After FDA approval of Restasis®, UGARF's interests changed substantially. UGARF initiated legal action against Dr. Kaswan, falsely alleging that she was acting against their instructions, outside of the terms of the patent license agreement and announced intent to retract her licensing agreement. Additionally, UGARF suspended royalty payments from Dr. Kaswan from January 2003 through July 2005, and September 2008 to present.

In an August 2003 deposition taken by defendants in the UGARF initiated lawsuits the UGARF initiated lawsuits, UGA President Michael Adams, who served as UGARF President pleaded complete ignorance of the legal controversy surrounding the licenses and the lawsuits, stating that they did not rise to the level of an “institutional concern.” Yet also in August, 2003, the same month he gave his deposition, he presided over an executive session of the UGARF board, where he presented these issues and recommended the dual course of action taken: secretly accept Allergan's royalty buy-down proposal and continue litigation against Dr.
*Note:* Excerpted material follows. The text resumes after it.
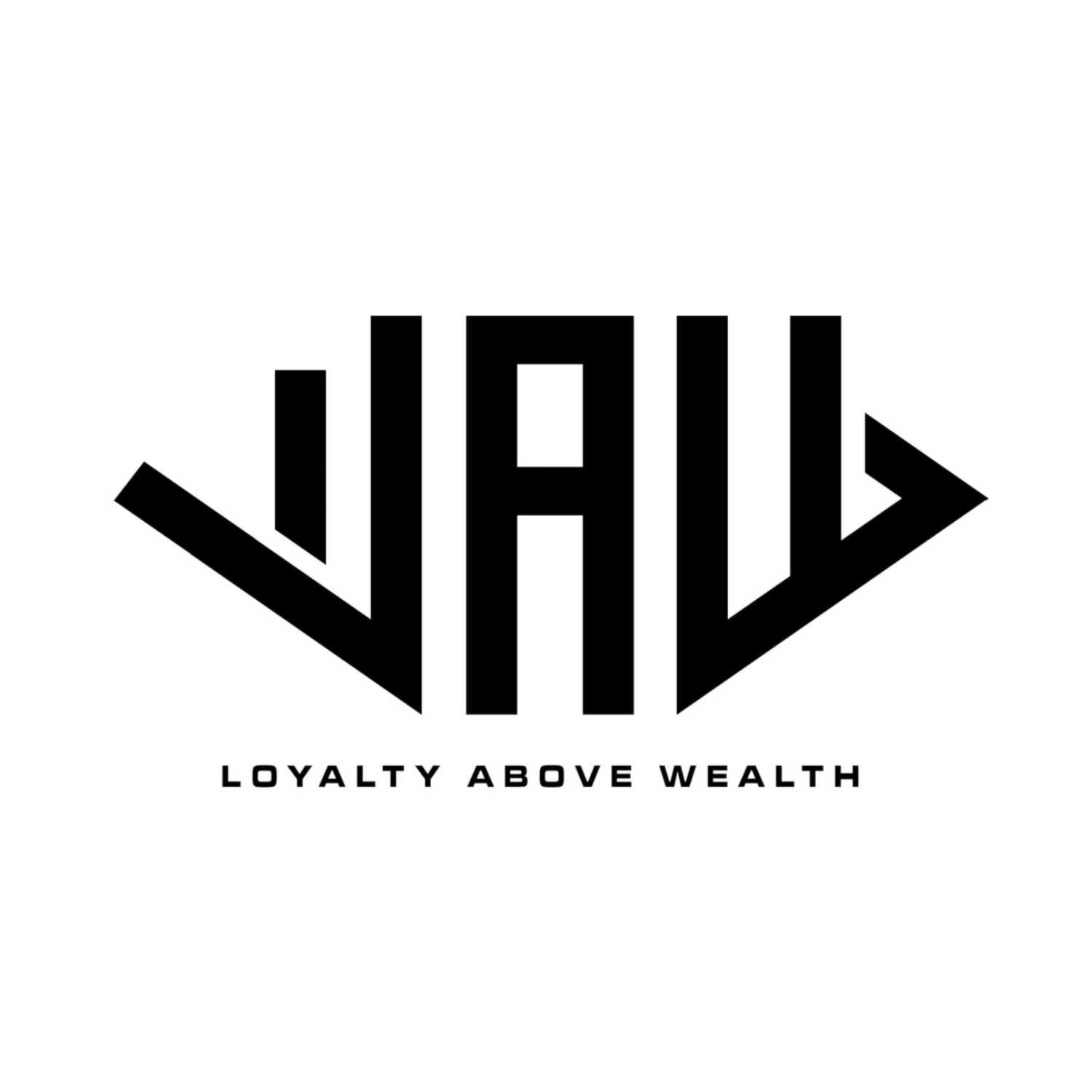 Loyalty Above Wealth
Kaswan for the purpose of distraction and coercion.

Adams' harmful decisions as President of UGARF coincided with his rivalry with a hugely popular football coach whom he summarily fired in 2003, an action which triggered statewide calls for his dismissal. Official notes from the closed UGARF executive board meeting, produced in discovery and kept under court seal until made public by Pulitzer Prize winning journalist Richard Whit contradict President Adams' testimony in his deposition and reveal his decisions and motives.

At Adams' direction, UGARF acted in bad faith violating UGA Intellectual Property Policies and Georgia Sunshine Laws to the ultimate detriment of UGA and benefit of Allergan. Allergan refused to provide their initial sales projections to the university. Questions remain as to why UGARF went forward without this valuable information.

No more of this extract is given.